- [Given information]:

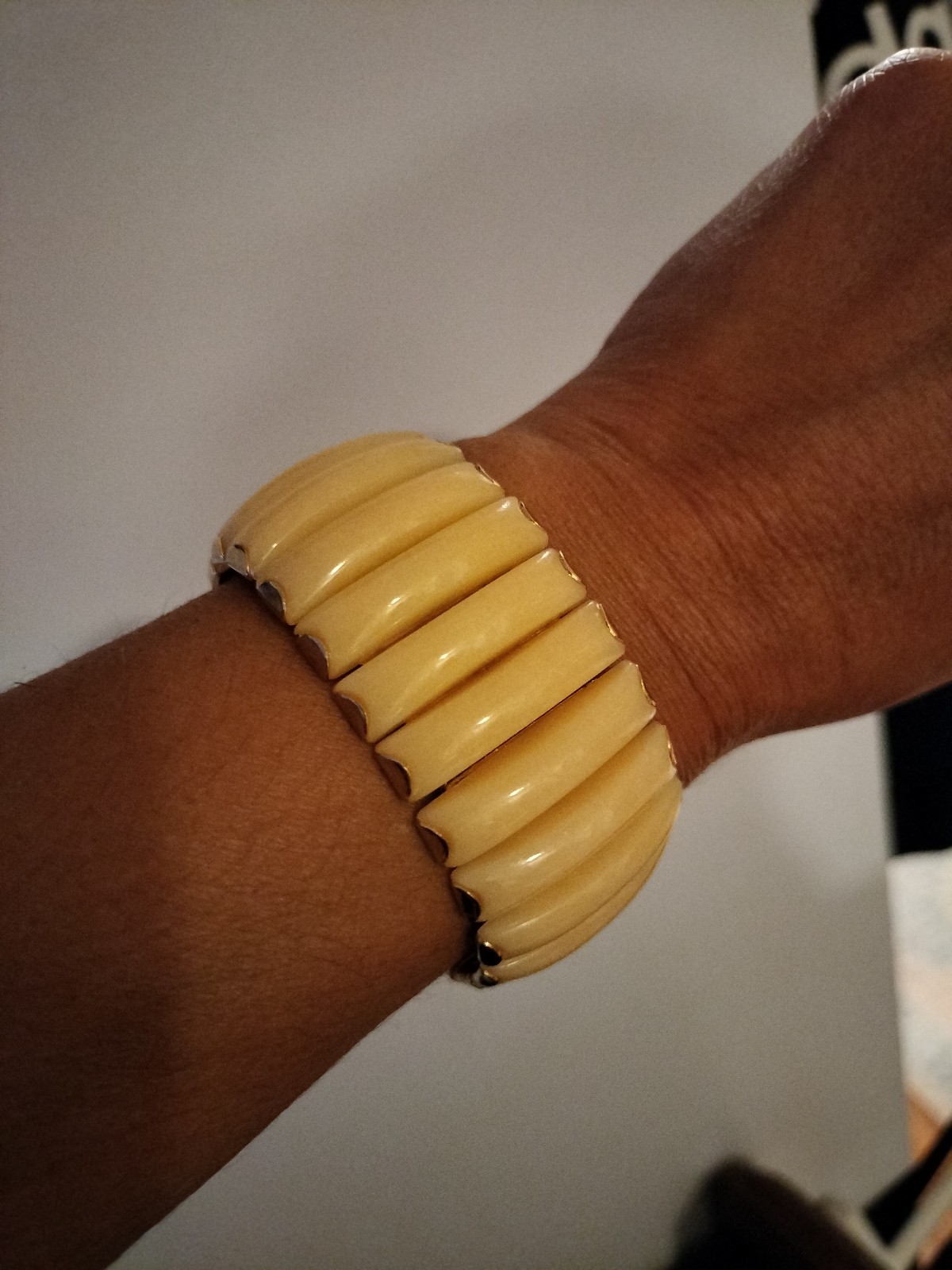 VINTAGE ESTATE SIGNED HONG KONG EXPANDABLE Lucite BRACELET. Creme + Gold Tone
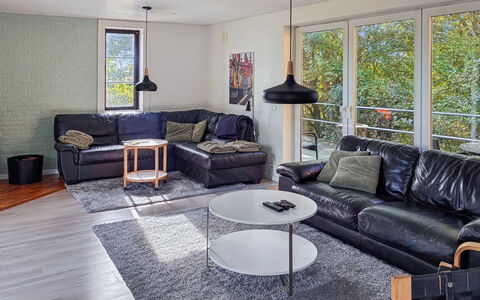 Aave - 5Km from the Sea: Mueble, Diseño De Interiores, Sofá, Piso, Suelo, Sala, Madera, Techo, Suelos De Madera, Encendiendo
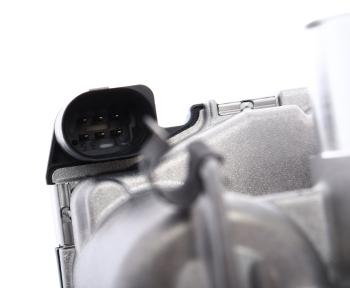 10 249 р. Заслонка FORD Focus дроссельная BOSCH BOSCH 028075008b  с доставкой в г. Кемерово. Увеличить фотографию 4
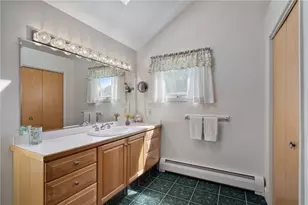 22 Noble St, Narragansett, RI 02882 - Photo 27
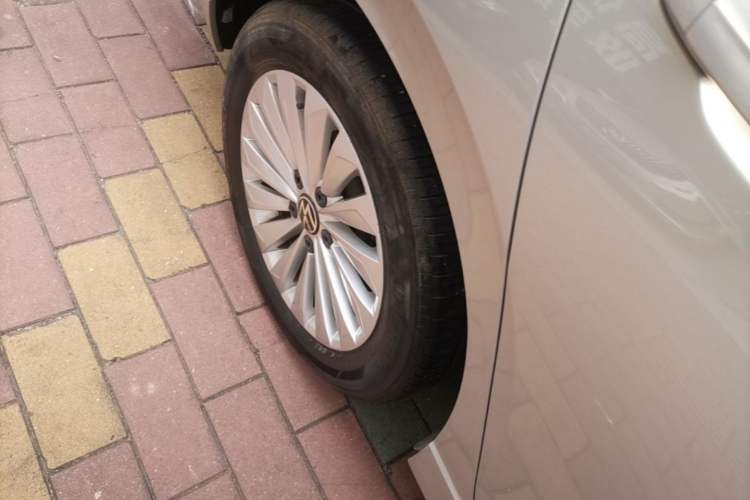 Used Volkswagen Lavida 2022 1.5L Automatic Comfort Edition Right Rear Wheel Hub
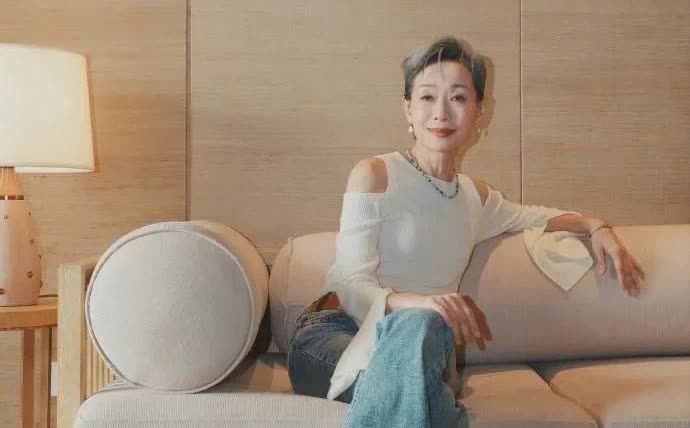 我想过叶童会生气，

也想过她会怪罪安保人员，

但万万没想到的是，她竟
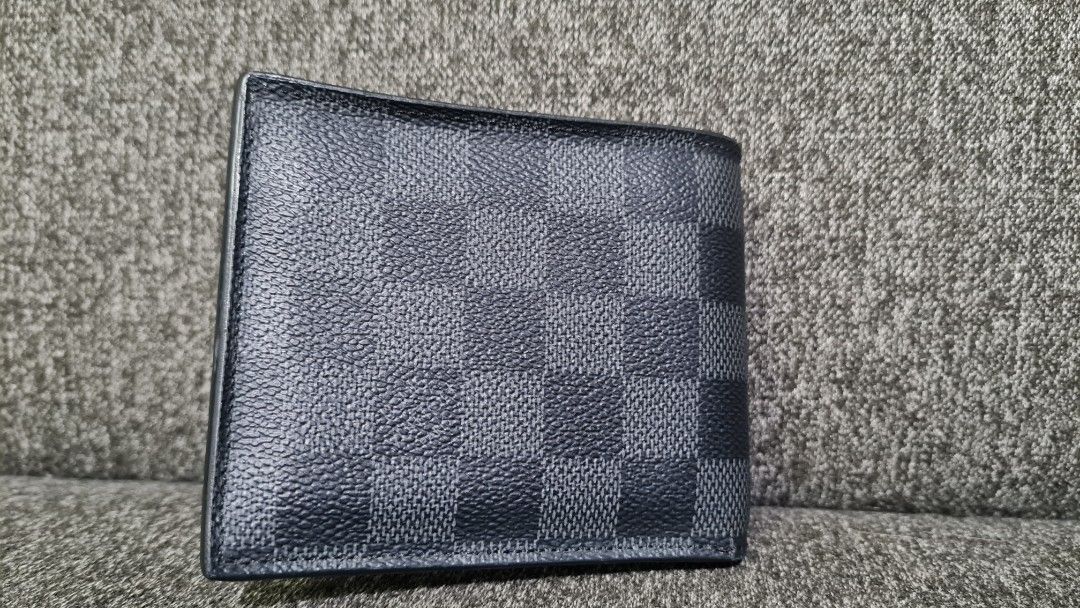 LOUIS VUITTON AMERIGO WALLET IN DAMIER GRAPHITE, Men's Fashion, Watches &  Accessories, Wallets & Card Holders on Carousell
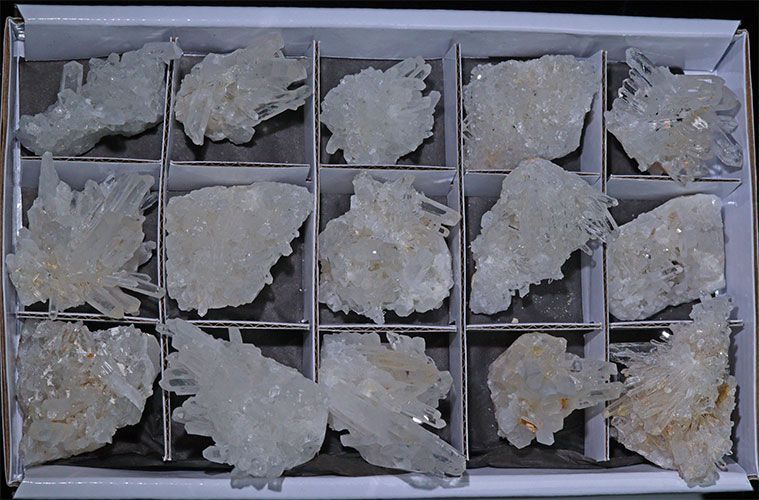 〔D140〕1箱 中国四川産 ミニミニ水晶クラスター 500g前後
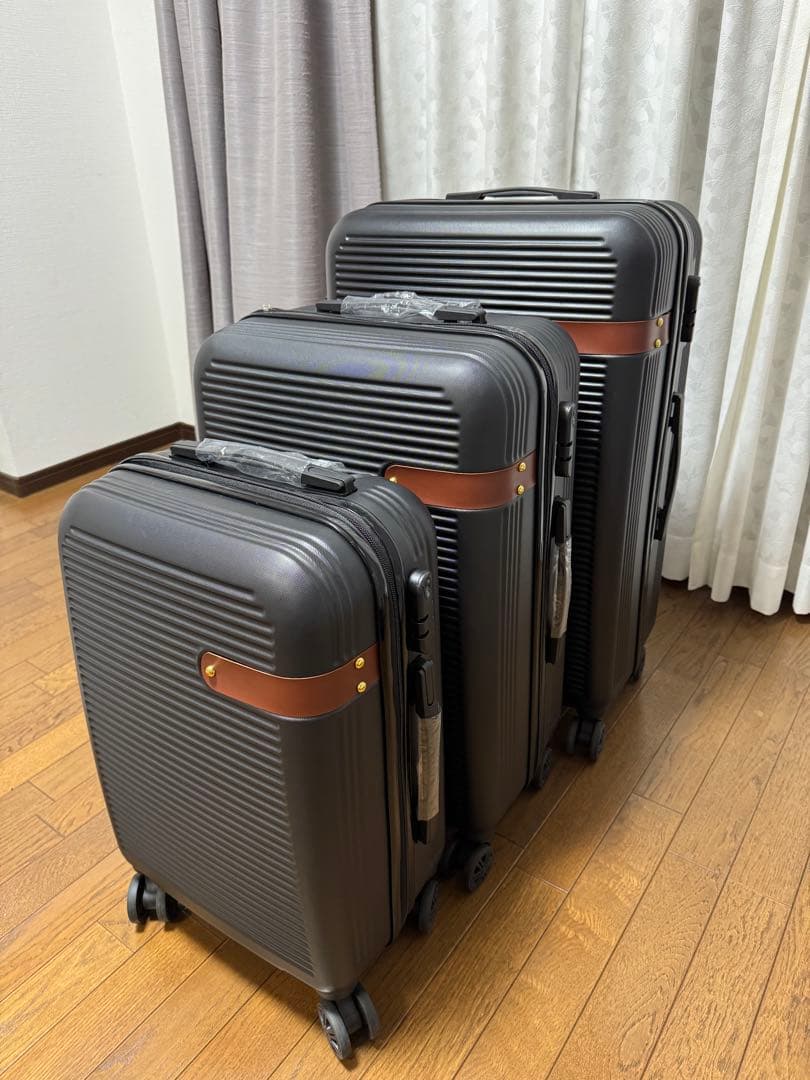 新品・未使用 / 3点セット / 軽量 / TSAロック/スーツケース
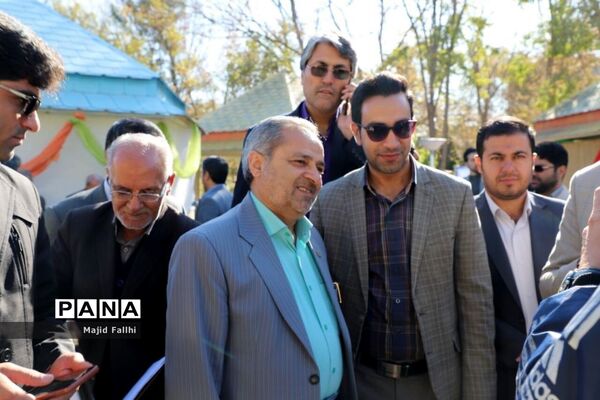 بازدید معاون پرورشی و فرهنگی  وزارت آموزش و پرورش از اولین جشنواره دستاورد‌های کانون‌های فرهنگی و تربیتی  مشهد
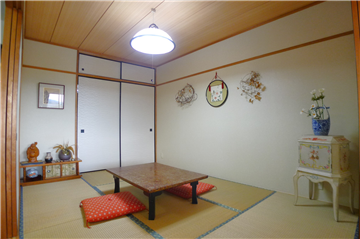 リビングに面した和室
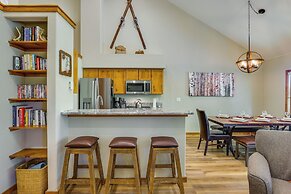 Walk to Ski Lift: Renovated Condo in Breckenridge!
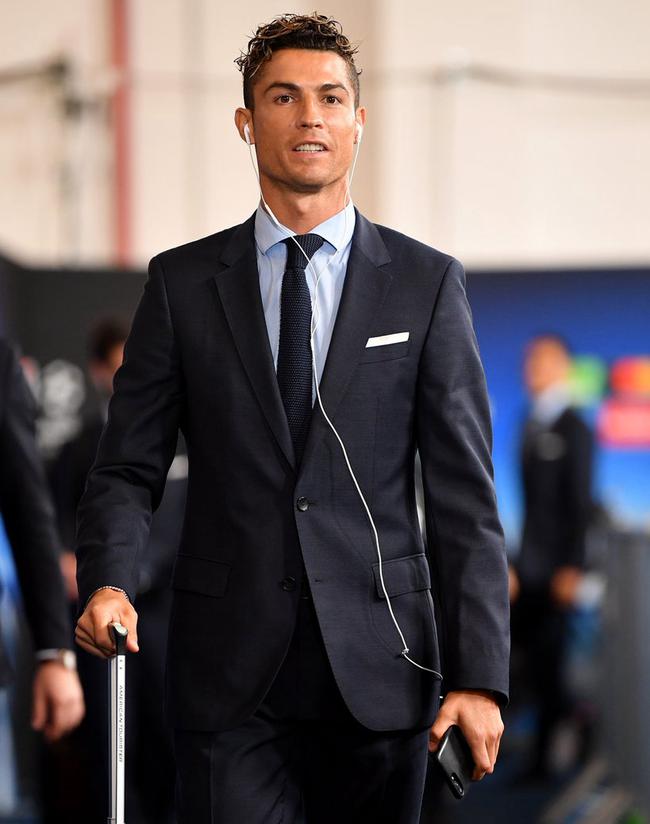 镜报：安东尼愿大幅降薪回归贝蒂斯，已拒绝胜利、博塔弗戈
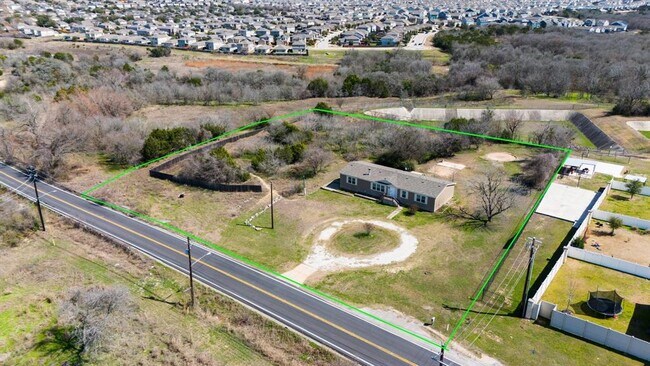 Foto del edificio - 10801 Bradshaw Rd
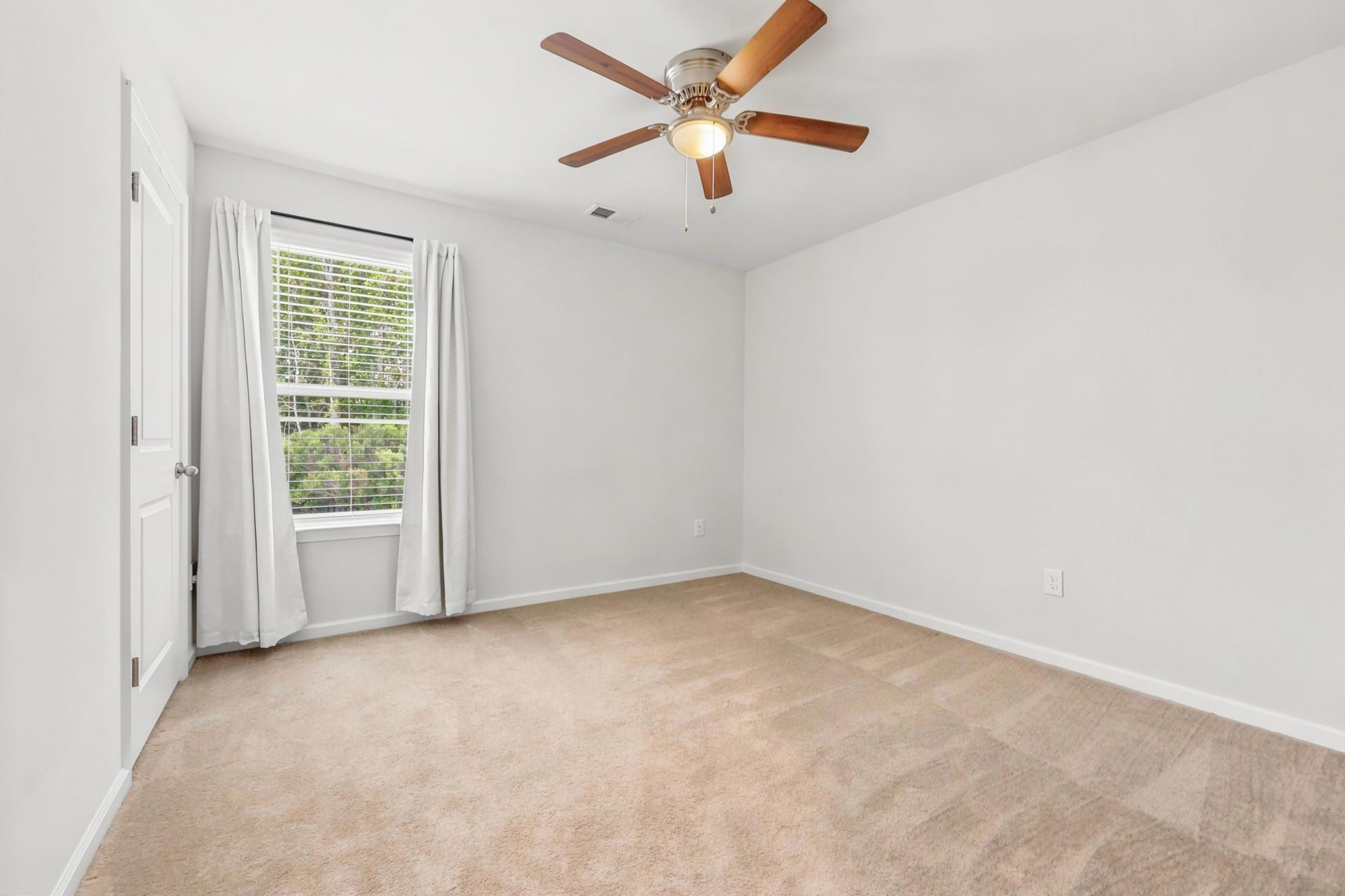 2523 Nadir Ct. Photo 32
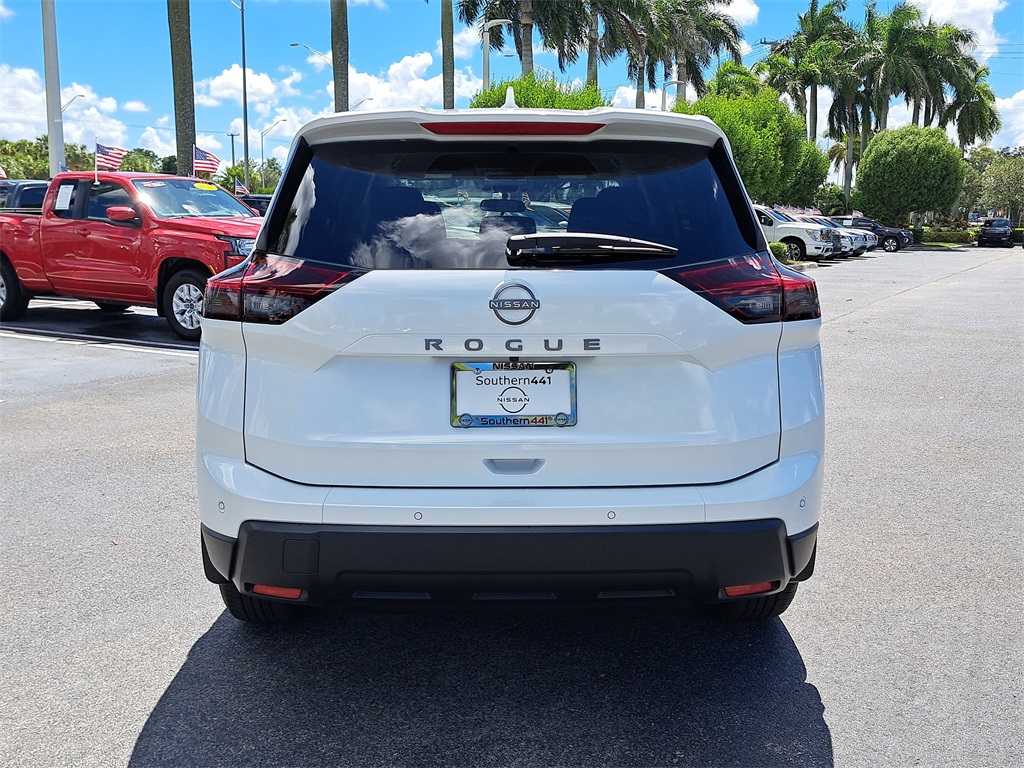 2026 Nissan Rogue SV photo 6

- [What the task requires]:
Only the pictures are to be left out; write out all the other data exactly.

- [Answer to the exercise]:
 VINTAGE ESTATE SIGNED HONG KONG EXPANDABLE Lucite BRACELET. Creme + Gold Tone
 Aave - 5Km from the Sea: Mueble, Diseño De Interiores, Sofá, Piso, Suelo, Sala, Madera, Techo, Suelos De Madera, Encendiendo
 10 249 р. Заслонка FORD Focus дроссельная BOSCH BOSCH 028075008b  с доставкой в г. Кемерово. Увеличить фотографию 4
 22 Noble St, Narragansett, RI 02882 - Photo 27
 Used Volkswagen Lavida 2022 1.5L Automatic Comfort Edition Right Rear Wheel Hub
 我想过叶童会生气，

也想过她会怪罪安保人员，

但万万没想到的是，她竟
 LOUIS VUITTON AMERIGO WALLET IN DAMIER GRAPHITE, Men's Fashion, Watches &  Accessories, Wallets & Card Holders on Carousell
 〔D140〕1箱 中国四川産 ミニミニ水晶クラスター 500g前後
 新品・未使用 / 3点セット / 軽量 / TSAロック/スーツケース
 بازدید معاون پرورشی و فرهنگی  وزارت آموزش و پرورش از اولین جشنواره دستاورد‌های کانون‌های فرهنگی و تربیتی  مشهد
 リビングに面した和室
 Walk to Ski Lift: Renovated Condo in Breckenridge!
 镜报：安东尼愿大幅降薪回归贝蒂斯，已拒绝胜利、博塔弗戈
 Foto del edificio - 10801 Bradshaw Rd
 2523 Nadir Ct. Photo 32
 2026 Nissan Rogue SV photo 6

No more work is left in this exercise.